Le quatrième album de Local Natives, “Violet Street” vient juste de sortir, et le Point Ephémère affichait complet jeudi soir pour le retour à Paris d’un groupe qui s’est un peu assagi.
Cela paraît déjà loin, mais l’apparition de Local Natives en 2010 comme fer de lance du rock Indie de Los Angeles avait fait un certain bruit, et cette musique étrange, combinant rythmes – peut-être un peu hâtivement qualifiés de – Afro-beat, guitares sautillantes et harmonies vocales suaves, sans oublier des paroles qui saisissaient plutôt bien l’air du temps, s’était clairement distinguée du lot.
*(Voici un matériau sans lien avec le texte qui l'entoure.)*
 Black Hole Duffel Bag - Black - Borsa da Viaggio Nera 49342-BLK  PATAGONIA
Et ce d’autant plus que, scéniquement, le groupe faisait preuve d’une énergie peu commune. Près de dix ans ont passé, et l’excitation de la découverte n’est plus là, tandis que le groupe – logiquement – mûrissait et que sa musique s’épanouissait et se calmait en même temps. Un nouvel album, Violet Street vient juste de sortir, et malgré le peu de buzz fait autour, le Point Ephémère affiche complet ce soir pour le retour à Paris de nos ex-enfants terribles du SoCal indie, aujourd’hui sympathiques trentenaire barbus…
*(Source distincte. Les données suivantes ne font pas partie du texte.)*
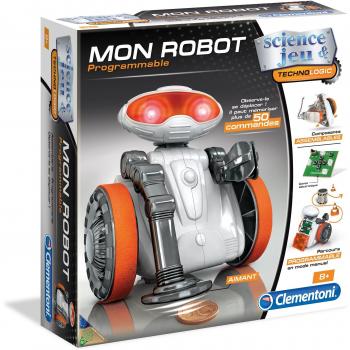 Robot Programable Clementoni 52276 - Ciencia y Juego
21h00 : C’est un public très calme et civilisé ce soir au Point Ephémère qui attend patiemment l’apparition de Local Natives, l’absence d’une première partie rendant quand même le temps long… La disposition du matériel sur la scène, exploitant au mieux l’espace profond du Point Ephémère, les lumières excellentes et le son parfait, trahissent un professionnalisme manquant souvent aux formations plus débutantes jouant en ce lieu, et font que nous allons pouvoir assister à un beau concert dans des conditions optimales. Le groupe attaque par le premier single extrait du nouvel album, Café Amarillo, et la dynamique de la soirée est immédiatement posée : des harmonies vocales sophistiquées et parfaitement assurées (pour simplifier, on louche un peu vers Fleet Foxes…), une texture sonore à la fois raffinée et déchirée quand il le faut par des éclats tranchants de guitare, et surtout des rythmiques ébouriffantes : même sur les morceaux les plus calmes, la batterie de l’extraordinaire Matt Frazier nous offre un voyage gratuit vers des contrées exotiques, et ajoute un incroyable aspect dansant et joyeux à la musique de Local Natives.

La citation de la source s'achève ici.